The Malay Unity Congress (October 2019) that brought together all the country’s Malay parties and Malay supremacist groups was to have set the stage for the realisation of Mahathir’s grand strategy to rebuild and reclaim Malay political hegemony. The ’Sheraton Move’, however, temporarily derailed those plans.
It is often said that the Chinese word for crisis can also mean “opportunity” — it does not, but in this case, the present crisis certainly spells opportunity for Mahathir, another chance to pursue his political agenda for Malaysia.
UMNO is deeply split. Those who are facing serious corruption charges want to hijack the party to put pressure on Muhyiddin to help get them out of their predicament.
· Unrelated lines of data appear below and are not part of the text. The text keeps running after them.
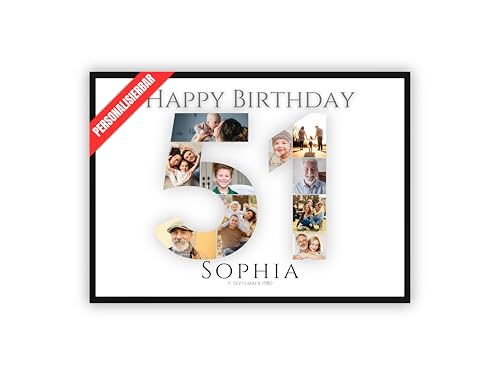 dockyardos® Foto Collage zum 51. Geburtstag | Kreativ verschenken für Mädchen und Junge | Beste Freundin | Bester Freund | Geschenkidee | Geschenk für Frau und Mann von dockyardos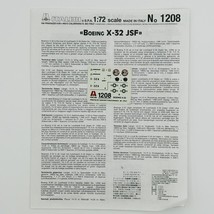 Italeri 1:72 Boeing X-32 JSF 1208 Model Kit - Decals & Instructions Only - $9.89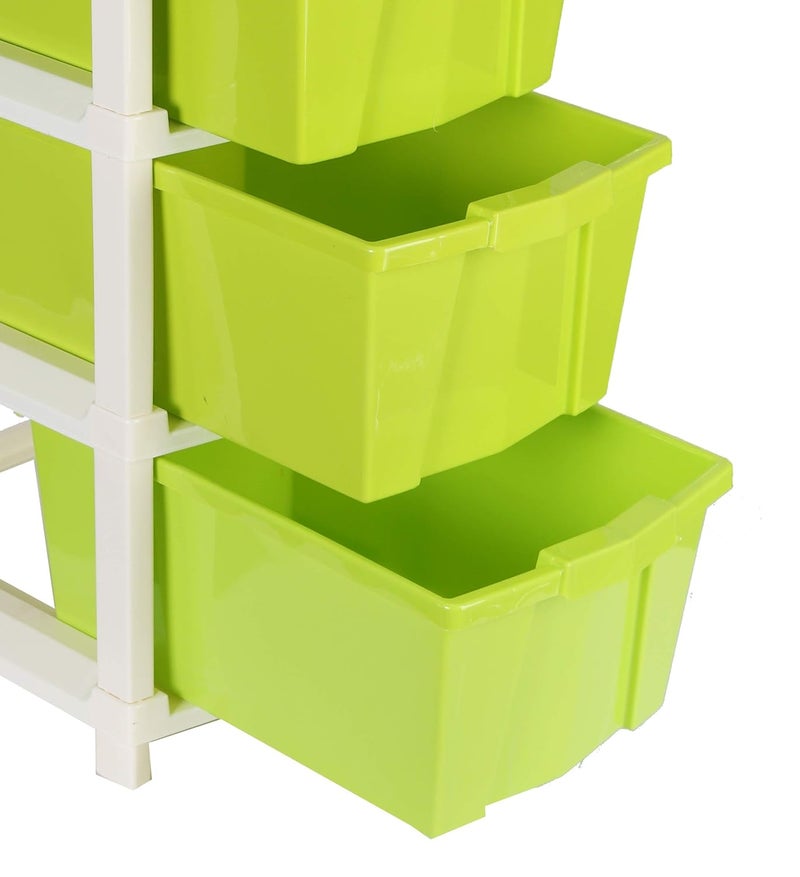 Joyful Studio 5 Xl Plastic modular Drawer System for Home Office Hospital Parlor School Doctors Home and Kids Colour Green Product Dimension when assembeled 31cmx39cmx98 cm - Image 3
Others in UMNO see the corruption charges against their leaders as an ideal opportunity to undertake housecleaning and reform. Of course, it also clears a path to their own rise to power. Zahid is also not as popular as he used to be; his scheme to position himself as deputy prime minister has not gone down well with other equally ambitious leaders. Zahid and Najib’s endorsement of Anwar (whom many in UMNO still distrust) was also not popular within UMNO.
As well, Hadi Awang and his colleagues in PAS have grown increasingly wary of the current UMNO leadership. Indeed, the UMNO-PAS pact (Muafakat Nasional) is barely holding together despite their recent kiss and make up session. PAS, having tasted federal power and the enormous benefits it brings, seems unwilling to jeopardise the gains it has made just to support a clutch of UMNO leaders with numerous corruption charges hanging over their heads.
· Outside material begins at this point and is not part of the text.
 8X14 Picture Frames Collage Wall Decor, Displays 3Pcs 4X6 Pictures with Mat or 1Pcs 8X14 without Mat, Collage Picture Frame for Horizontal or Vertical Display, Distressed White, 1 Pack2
Together with Tengku Razaleigh, Mahathir is now trying to forge a new political arrangement that will unite UMNO (minus its corrupt leaders), PPBM (minus Muhyiddin), Mahathir’s Pejuang, Amanah, PAS and disaffected PKR MPs. With the tacit support of Warisan and GRS, that should give Razaleigh enough support to stake a claim to the premiership in the event Muhyiddin is forced out.
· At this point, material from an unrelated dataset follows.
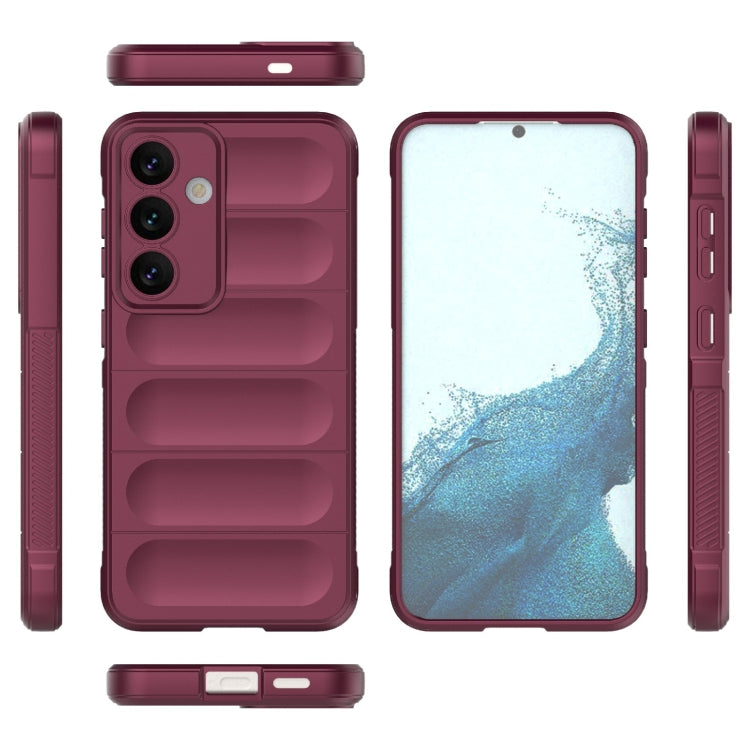 For Samsung Galaxy S24 5G Magic Shield TPU + Flannel Phone Case(Wine Red) - Galaxy S24 5G Cases by PMC TechLife | Online Shopping South Africa | PMC TechLife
Mahathir may not have all his ducks in a row just yet but he seems confident that once the plan gathers momentum, he can successfully appeal to Malay-Muslim MPs to come together to “save” the nation.
Such a plan would give Mahathir everything he wants — it would stop Anwar, punish Najib, Zahid and all the other corrupt UMNO leaders who oppose him; put his son in a strong position, sideline the DAP and consolidate Malay-Muslim supremacy. It’s a bold and ambitious plan, no doubt, but one with broad appeal to warring Malay parties and groups.
The DAP, of course, will not like it but their options are limited — stay neutral or support either Muhyiddin or Zahid. It’s lose-lose for them whichever way you look at it.
Can Mahathir and Tengku Razaleigh pull it off? With razor-thin margins in Parliament, it would only take a few MPs to shift sides to bring down the government and pave the way for Tengku Razaleigh to take the premiership as a “compromise” candidate.
No matter how much he may fear it, Muhyiddin cannot avoid a no-confidence motion once Parliament resumes because the budget will have to be tabled and passed come November. Traditionally, the defeat of a money bill is taken to mean that the government no longer enjoys the support of the House. The next few weeks will be intense; unless he can come up with a winning strategy to counter Mahathir, Muhyiddin’s days might well be numbered.